[Task statement]
Starting from the line that contains "Figurka Dziadka do", reproduce each line exactly through the end of the material, and include no other lines.

[Supplied records]
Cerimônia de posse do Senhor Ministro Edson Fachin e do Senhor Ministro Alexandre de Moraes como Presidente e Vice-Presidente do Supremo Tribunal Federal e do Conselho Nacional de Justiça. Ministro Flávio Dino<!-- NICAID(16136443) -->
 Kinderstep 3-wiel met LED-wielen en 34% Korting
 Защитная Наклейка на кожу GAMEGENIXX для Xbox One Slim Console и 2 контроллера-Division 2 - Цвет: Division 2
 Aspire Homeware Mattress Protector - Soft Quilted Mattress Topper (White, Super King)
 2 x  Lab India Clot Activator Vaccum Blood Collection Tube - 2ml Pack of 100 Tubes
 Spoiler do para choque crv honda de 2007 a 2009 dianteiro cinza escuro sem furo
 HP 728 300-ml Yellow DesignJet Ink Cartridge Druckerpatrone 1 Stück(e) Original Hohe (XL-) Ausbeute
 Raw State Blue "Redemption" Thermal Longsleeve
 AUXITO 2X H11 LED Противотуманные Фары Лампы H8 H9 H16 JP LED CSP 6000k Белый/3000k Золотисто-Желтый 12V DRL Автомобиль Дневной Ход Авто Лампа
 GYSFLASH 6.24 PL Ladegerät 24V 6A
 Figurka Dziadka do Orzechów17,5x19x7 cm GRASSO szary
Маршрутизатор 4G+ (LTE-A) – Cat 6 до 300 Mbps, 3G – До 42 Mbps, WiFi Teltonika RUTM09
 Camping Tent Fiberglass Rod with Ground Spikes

[Expected answer]
 Figurka Dziadka do Orzechów17,5x19x7 cm GRASSO szary
Маршрутизатор 4G+ (LTE-A) – Cat 6 до 300 Mbps, 3G – До 42 Mbps, WiFi Teltonika RUTM09
 Camping Tent Fiberglass Rod with Ground Spikes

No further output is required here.